Saturday 25 August 2012

Introduction to Norway

Norway was the great unknown to us, uncharted territory. We had read a lot on various bike forums but did not know bikers who had been there. The forums were full of stories of wild weather, fantastic roads, beautiful scenery, over zealous Policing and the cost of everything especially beer. Our landlady in Copenhagen had added to the intrigue by warning us 'they are a bunch of Pirates up there'.

So it was with great excitement but some trepidation that we lined up to board the overnight ferry at Copenhagen bound for Oslo. Our luck was in as we joined two Norwegian bikers in the queue who were returning home from a BSA rally in Sweden. Both were mounted on 1960's BSA  bikes, a Spitfire and a Lightning. These two friendly guys spent some time on the crossing setting us right as to the realities of touring Norway on a motorcycle. There are severe penalties for speeding and the roads are policed by 'civilian cars' - unmarked cars. There are also fixed and mobile speed cameras. Fuel is 15 NOK (Norwegian Kroner) per litre which equates to about $2.40 AUD and beer at a hotel/restaurant about $10 AUD per glass. A main course meal at a restaurant will set you back about $40 AUD and a hamburger about $10 AUD. So yes it is expensive.

Our plans were pretty loose. Norway has marked a series of 20 roads as "national tourist roads" and our plan was to string together as many of these as we could in the week that we had allocated. We were concentrating on the south-western part of the country - fjordland. There is something very special about arriving at a new place by boat, especially overnight. We always enjoy our trips to Tasmania and the crossing to the Isle of Man is very special. So it was that we woke to cast our first look at Norway as our vessel the Pearl Seaways quietly made her way along the long inlet leading to Oslo. Old fortifications and cute as a button little rust coloured houses set amongst the greenest landscape on a fine morning presented a very pretty picture.

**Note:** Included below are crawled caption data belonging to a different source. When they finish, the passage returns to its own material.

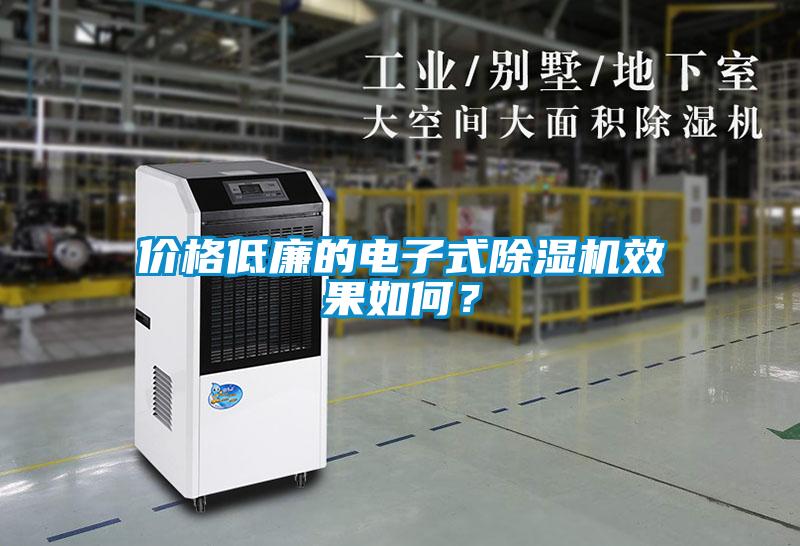 價格低廉的電子式除濕機效果如何？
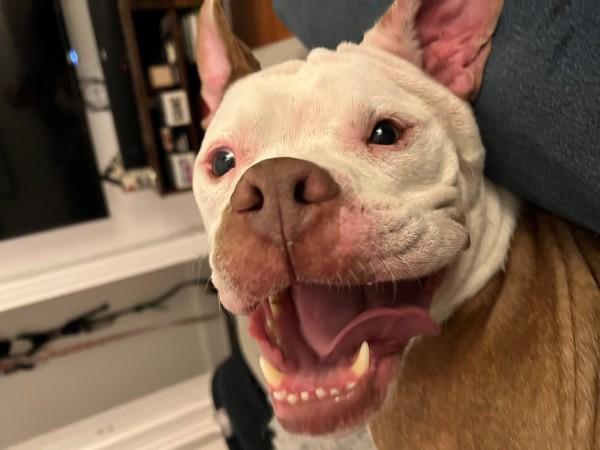 Enlarge Champ, a Adoptable mixed breed in New York, NY image 2/6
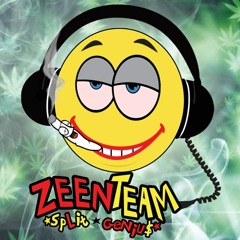 ZeenTeam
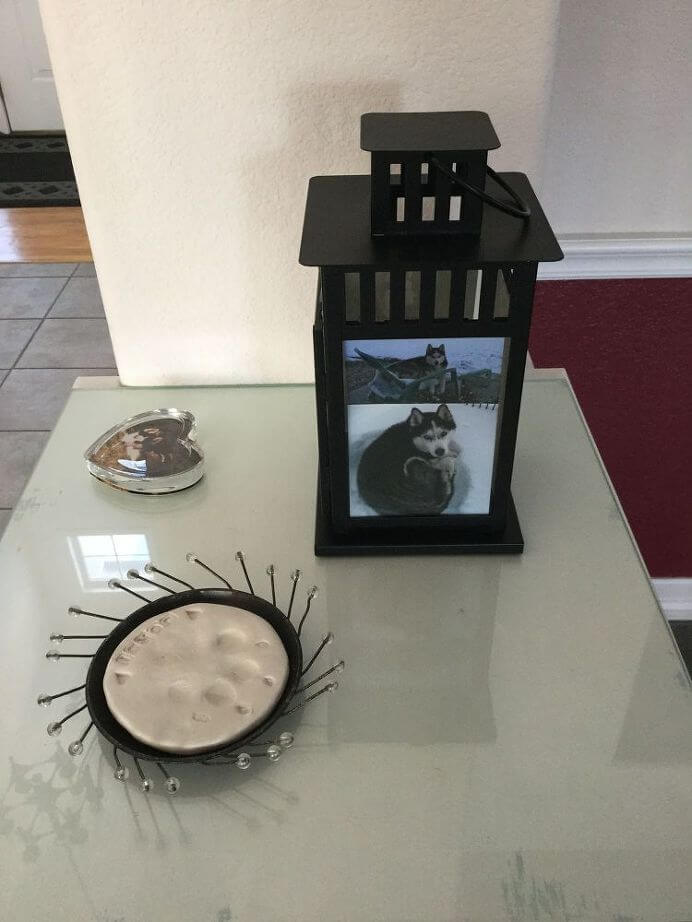 diy photo memorial lantern with husky photo on table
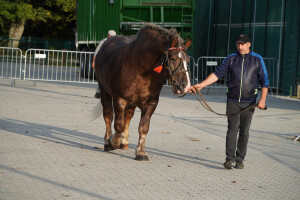 DSC09437-651d53d0b0a09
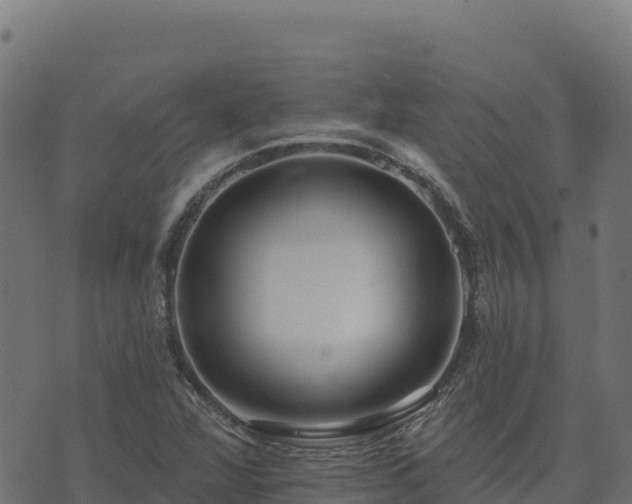 X0000073931360200608181104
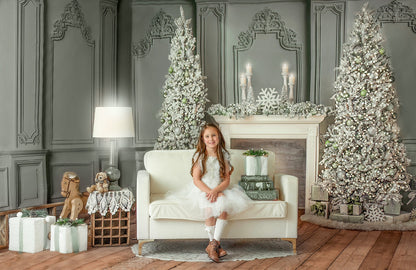 RTS Sage Noel - 12x8' Wrinkle-Free Fabric - Gray - 60% Off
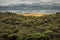 Dramatic clouds over the Pacific Dunes State Park, California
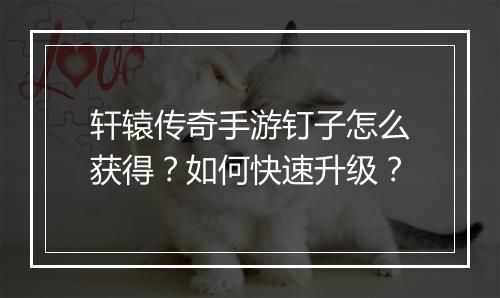 轩辕传奇手游钉子怎么获得？如何快速升级？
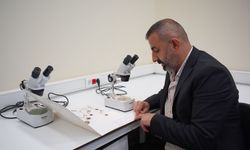 Koparmanın 699 bin TL cezasının olduğu, Siirt'e özgü sümbüller çiçek açtı/Ek fotoğraflar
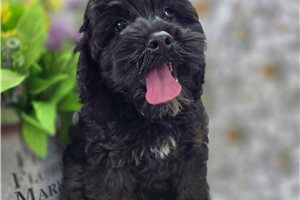 Adeline - Cockapoo for sale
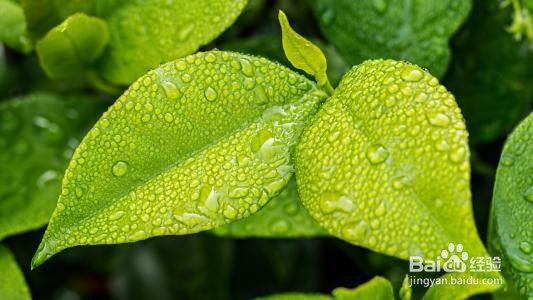 怎么防止白天露水的形成-（防止白天犯困的方法）[图]
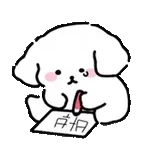 추모🕯️	중국인 살리고 떠난 해경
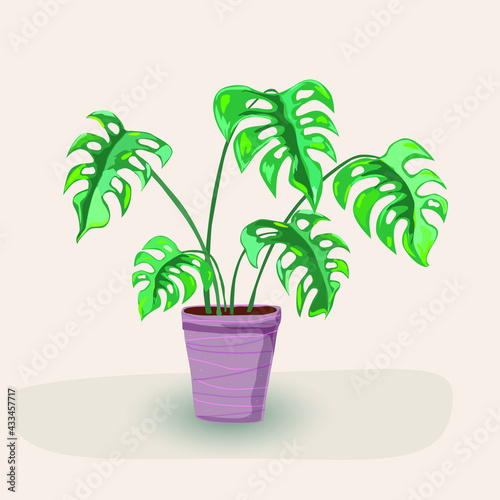 Monstera tropical plant in a pot. Indoor plant. Interior element.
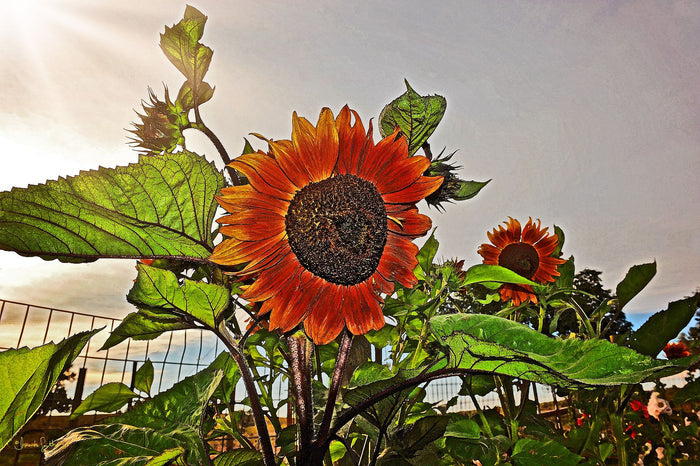 Sunflowers and Storm Canvas Print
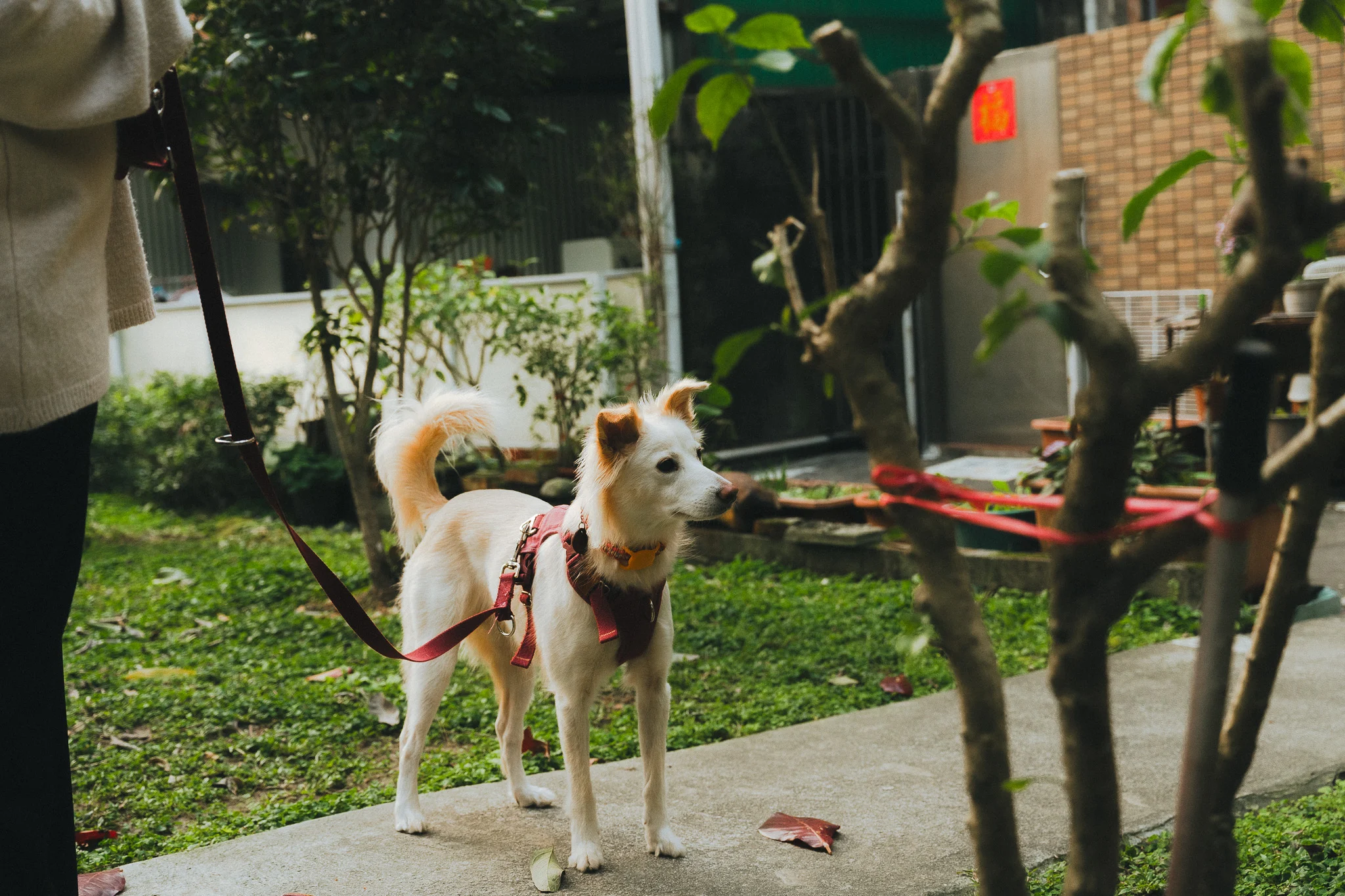 67fce81a13edee9055616955 Dsc07629 1 1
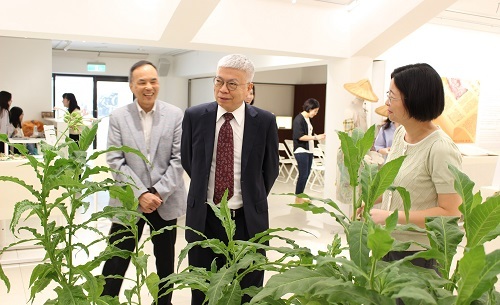 北科大「彼時・菸葉黃了！」展出菸草植栽，從不同面向一窺菸業文資面貌。（攝影：王映涵）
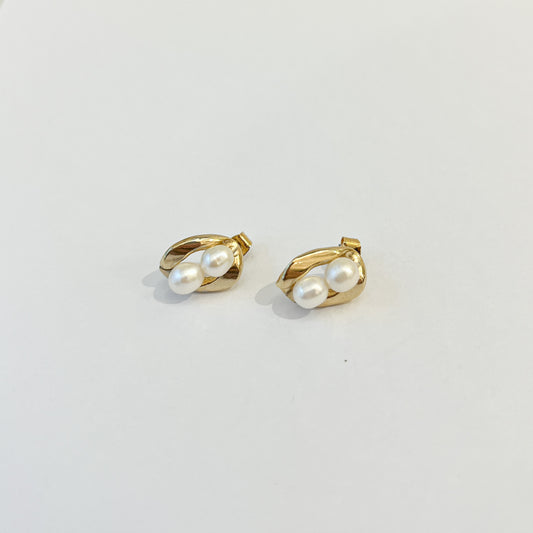 Earrings #36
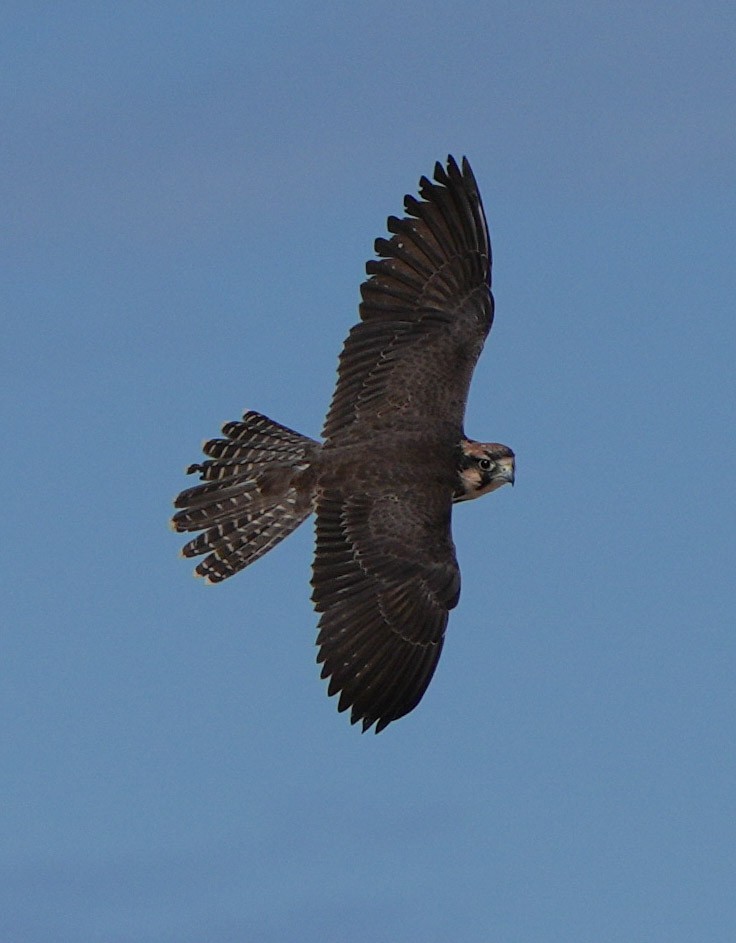 Lanner Falcon - ML621059365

We loosened the rear wheel of the Gray Ghost from her very secure wheel cradle (the best form of bike security we have encountered) bid farewell to our new Norwegian friends and set off into the traffic of morning peak hour Oslo. We do not particularly like cities but rather than ride straight out of Oslo we had chosen three destinations to visit to give us a taste of what the city has to offer.We had set each point on the GPS but best made plans were thwarted as Oslo is undergoing some major inner city construction works (much as we found in Copenhagen) and the GPS mapping did not have some of the new roads included. Both issues had us going back past the ferry terminal after about 15 minutes of riding in search of our first destination, the City Cathedral.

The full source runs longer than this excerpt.